PerihalFakta – Di balik sunyinya Pulau Talango, berdiri sebuah situs bersejarah yang menyimpan jejak spiritual Islam di Madura—makam Sayyid Yusuf bin Ali bin Abdullah Al-Hasani. Tempat ini bukan sekadar tanah peristirahatan terakhir seorang auliya, tapi saksi bisu perjalanan dakwah dan cahaya keimanan yang dulu ditemukan langsung oleh Raja Sri Sultan Abdurrahman Pakunataningrat pada tahun 1791 M.
Kisahnya dituturkan secara turun-temurun. Sinar terang dari langit menuntun sang raja ke tengah hutan, ke sebuah makam yang bahkan menjawab salamnya secara gaib. Dari daun sukun yang jatuh, tertulislah nama sang wali: Sayyid Yusuf. Maka dibangunlah nisan, pohon tempat raja menancapkan tongkatnya tumbuh besar menaungi, dan didirikan pula masjid Jami’ Talango serta yayasan pendidikan yang hingga kini masih berfungsi.

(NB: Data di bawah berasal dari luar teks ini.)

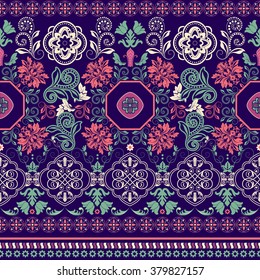 Striped seamless pattern. Floral wallpaper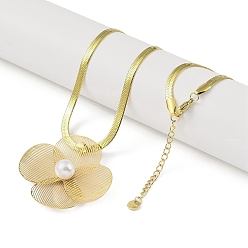 Настоящее золото 18K 304 ожерелья с подвесками-цветками из нержавеющей стали и АБС-пластика для женщин, реальный 18 k позолоченный, 17.72 дюйм (45 см)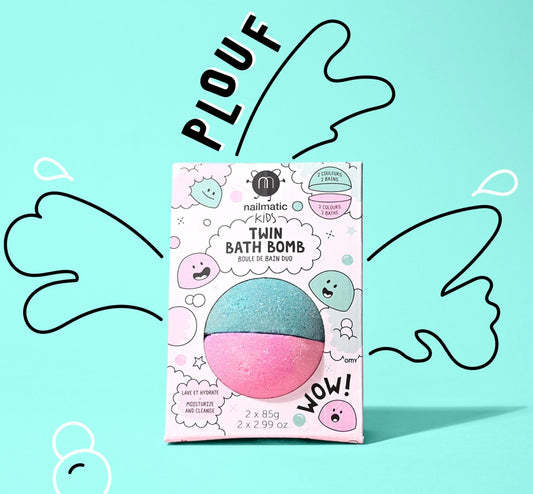 BOULE DE BAIN DUO EFFERVESCENTE - VERT ET ROSE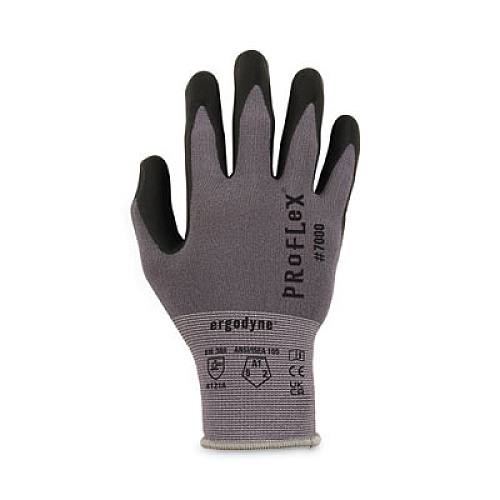 ergodyne ProFlex 7000 Nitrile-Coated Gloves Microfoam Palm, EN388: 4121A, 9" Long, Medium, Gray, 12 Pairs (10363)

Namun kini, tempat penuh hikmah ini perlahan dilupakan—khususnya oleh pemuda. Tak banyak dari mereka yang datang untuk menziarahi, apalagi memahami nilai-nilai di balik kisah ini.
“Jujur, kadang saya miris,” ungkap Moh. Habib Fauzan al Maarif. “Kita, para pemuda, makin jauh dari akar kita sendiri. Ziarah ke makam wali, pahlawan, tempat-tempat penuh sejarah dan spiritual—semakin jarang terdengar.”

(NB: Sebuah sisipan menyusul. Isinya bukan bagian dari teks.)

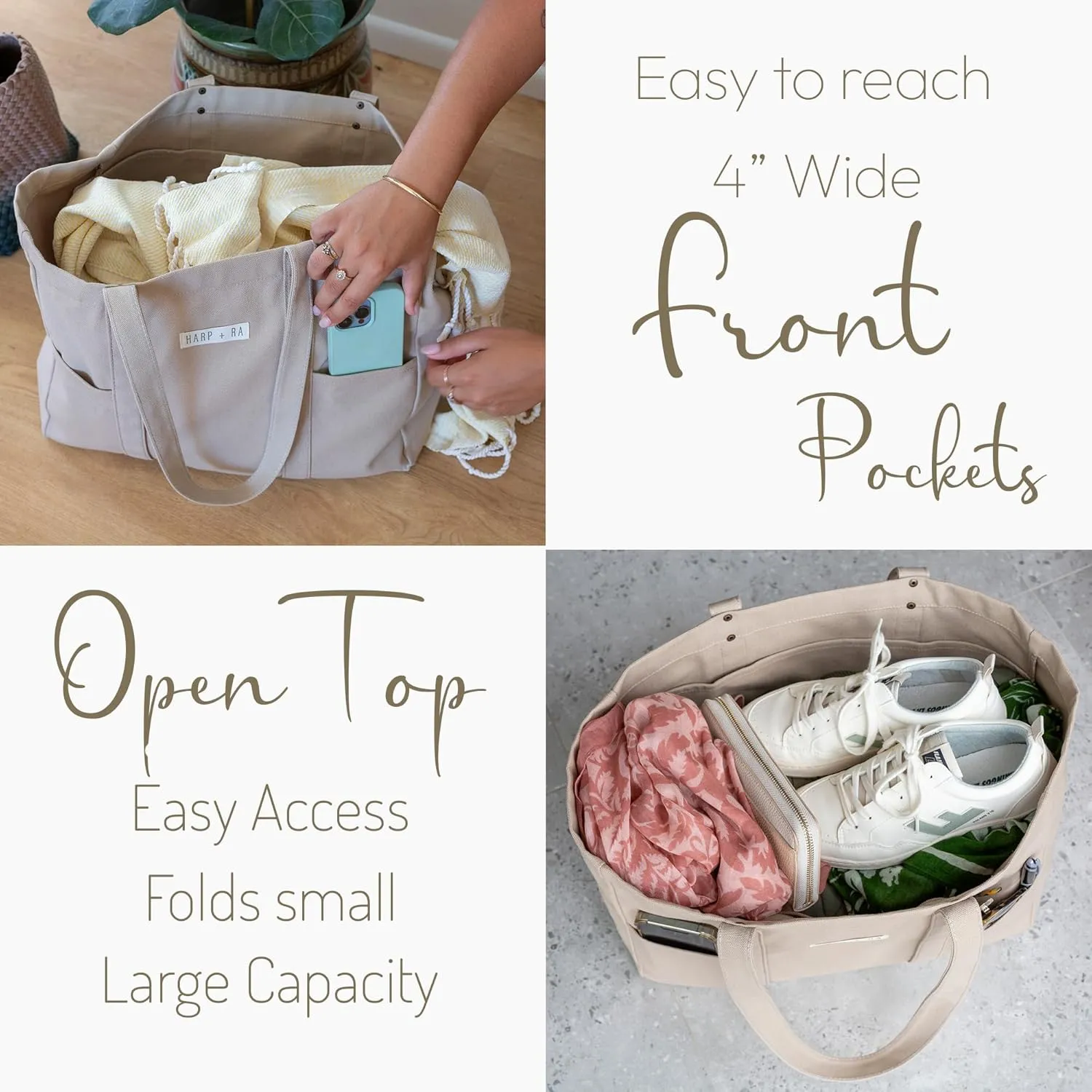 Extra Large Canvas Tote Bag - Utility with 2 Front Pockets and Laptop Sleeve, heavy duty everyday tote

Bagi Fauzan, makam Sayyid Yusuf bukan sekadar destinasi religi. Ia adalah pengingat, bahwa ada perjuangan sunyi yang membentangkan jalan Islam di tanah Madura. Ada nilai-nilai tentang ketulusan, keikhlasan, dan keberanian dalam berdakwah yang kini mulai terkikis oleh zaman.
“Kita sibuk cari jati diri, tapi lupa menengok ke belakang—tempat di mana nilai-nilai itu sebenarnya ditanam,” lanjutnya.
Makam Sayyid Yusuf, yang dahulu menjadi pusat spiritual dan pendidikan, kini seolah hanya dikenal oleh kalangan tertentu. Padahal di sinilah akar itu tertanam—dan seharusnya dipeluk kembali oleh generasi muda, bukan ditinggalkan.